La depressione stagionale è solo un falso mito? E’ quello che sembrerebbe suggerire uno studio condotto dai ricercatori dell’Auburn University in Alabama, i quali sostengono che le difficoltà psicologiche finora attribuite alla minore esposizione solare invernale siano solo un condizionamento.
Questo tipo di depressione, conosciuto sotto l’acronimo di SAD ed inserito tra le patologie della mente riconosciute da almeno 30 anni non sarebbe, secondo i ricercatori, supportata da dati oggettivi. Come sostiene il coordinatore dello studio, il prof. Steven LoBello, questo tipo di malattia va e viene a seconda degli stimoli che colpiscono le persone e se alcune di essere sperimentano il disturbo non è detto che sia il cambio di stagione a causarlo.
Per giungere alle loro conclusioni sulla depressione stagionale, il luminare e la sua squadra hanno utilizzato i dati derivanti da un sondaggio telefonico proposto a 34 mila americani, focalizzato sulla depressione ma in grado di dare vita ad un campione statistico in base alle abitudini degli intervistati. Comparando tutte le informazioni a disposizione, il prof. LoBello si è reso conto che nessuno dei sintomi della depressione era ricollegabile alla stagione vissuta. E non è il solo. Molti colleghi psicologi sostengono che la depressione stagionale sia solo un falso mito orchestrato ad arte dalle case farmaceutiche per vendere più medicinali.
Questo porterebbe in qualche modo, secondo il ricercatore, a non scovare la vera causa alla base della depressione di coloro diagnosticati con SAD portando i pazienti ad essere curati inutilmente con principi attivi inutili senza riuscire a trovare una reale soluzione per stare meglio.

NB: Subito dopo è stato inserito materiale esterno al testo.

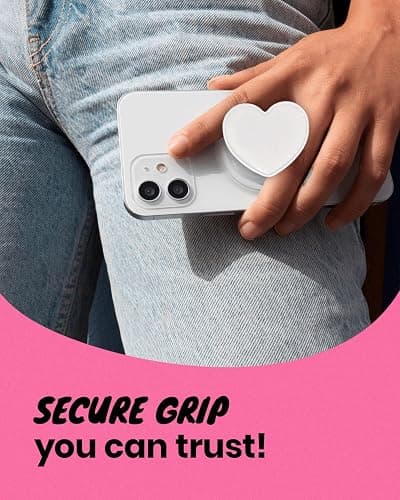 OnTheGrip Cute Solid Macaron Color Heart Shape Collapsible Mobile Phone Grip Stand Holder for Smartphone Tablet Cell Phone Accessory (White) thumbnail 5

Già in passato la dott.ssa Kelly Rohan, dell’Università del Vermont aveva espresso le sue perplessità sulla patologia, riconoscendo come legati alla stagione solo alcuni casi. Questo studio quindi giunge a confermare un dubbio già presente tra coloro che si occupano della psicologia umana. La vera domanda ora riguarda il rapporto diagnosi-cura: cambierà qualcosa nell’approccio alla malattia?